On this small snapshot, `rankgpt_sliding_window@20` improved NDCG@10 and
Recall@10 over the original candidate order. This is not a general claim about
all datasets; it is a smoke-sized reference result for this task and
configuration.

### PRP vs RankGPT Snapshot

The PRP comparison run below uses the same `AskUbuntuDupQuestions` setup and is
saved under `benchmark-results/mteb-reranking/n30-prp-vs-rankgpt-rerun`.
This is a native MTEB candidate-set benchmark: this task exposes 20 candidates
per query, so it is **not** the standard top-100 RankGPT setting.

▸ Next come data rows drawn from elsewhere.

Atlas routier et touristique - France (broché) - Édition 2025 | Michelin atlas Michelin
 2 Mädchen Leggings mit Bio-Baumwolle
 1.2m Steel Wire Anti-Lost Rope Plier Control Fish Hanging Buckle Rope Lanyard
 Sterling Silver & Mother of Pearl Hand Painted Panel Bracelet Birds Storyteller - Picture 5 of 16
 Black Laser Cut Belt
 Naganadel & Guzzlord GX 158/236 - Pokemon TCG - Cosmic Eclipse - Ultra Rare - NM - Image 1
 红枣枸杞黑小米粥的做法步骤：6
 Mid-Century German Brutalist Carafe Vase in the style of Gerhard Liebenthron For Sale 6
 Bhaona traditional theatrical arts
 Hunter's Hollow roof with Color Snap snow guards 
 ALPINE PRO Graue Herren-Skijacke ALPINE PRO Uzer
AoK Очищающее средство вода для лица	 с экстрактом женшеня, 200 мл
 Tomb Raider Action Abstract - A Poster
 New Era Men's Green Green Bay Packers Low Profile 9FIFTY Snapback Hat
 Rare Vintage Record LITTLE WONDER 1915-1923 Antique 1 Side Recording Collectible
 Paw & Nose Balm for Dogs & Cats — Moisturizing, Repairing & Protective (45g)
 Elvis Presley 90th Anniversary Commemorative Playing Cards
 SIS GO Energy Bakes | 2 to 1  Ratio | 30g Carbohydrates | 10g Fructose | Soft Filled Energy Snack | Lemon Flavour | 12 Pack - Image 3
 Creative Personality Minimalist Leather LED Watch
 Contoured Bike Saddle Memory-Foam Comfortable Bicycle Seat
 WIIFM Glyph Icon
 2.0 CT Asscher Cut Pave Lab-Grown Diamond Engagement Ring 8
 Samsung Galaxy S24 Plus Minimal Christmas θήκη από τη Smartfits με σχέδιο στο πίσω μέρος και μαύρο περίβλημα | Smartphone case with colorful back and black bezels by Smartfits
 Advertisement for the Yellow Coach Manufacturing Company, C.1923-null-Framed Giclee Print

| Method | NDCG@10 | MRR@10 | MAP | Recall@10 | p50 latency | p95 latency | Invalid rate | LLM calls/query | Total LLM calls | Mean cost/query | Queries |
| --- | ---: | ---: | ---: | ---: | ---: | ---: | ---: | ---: | ---: | ---: | ---: |
| `original` | 0.4431 | 0.5668 | 0.3895 | 0.5871 | 0.0 ms | 0.0 ms | 0.000 | 0 | 0 | - | 30 |
| `rankgpt_sliding_window@20` | 0.6830 | 0.6834 | 0.6400 | 0.7706 | 1842.6 ms | 2542.6 ms | 0.033 | 1 | 30 | $0.001530 | 30 |
| `prp_sliding_k@20` | 0.6714 | 0.7837 | 0.6132 | 0.7451 | 213583.6 ms | 230670.9 ms | 0.000 | 380 | 11,400 | $0.172772 | 30 |

RankGPT listwise led on NDCG@10, MAP, Recall@10, latency, and cost. PRP led on
MRR@10, but it required about 380 pairwise LLM calls per query with `passes=10`
and 20 candidates. Strict validation is applied: the RankGPT row includes one
invalid LLM output scored as zero.

For the common top-100 RankGPT setup with `window_size=20` and `step=10`,
`rankgpt_sliding_window@100` would use 9 listwise LLM calls per query. The
matching `prp_sliding_k@100` setting would use
`2 * 10 * (100 - 1) = 1,980` pairwise LLM calls per query.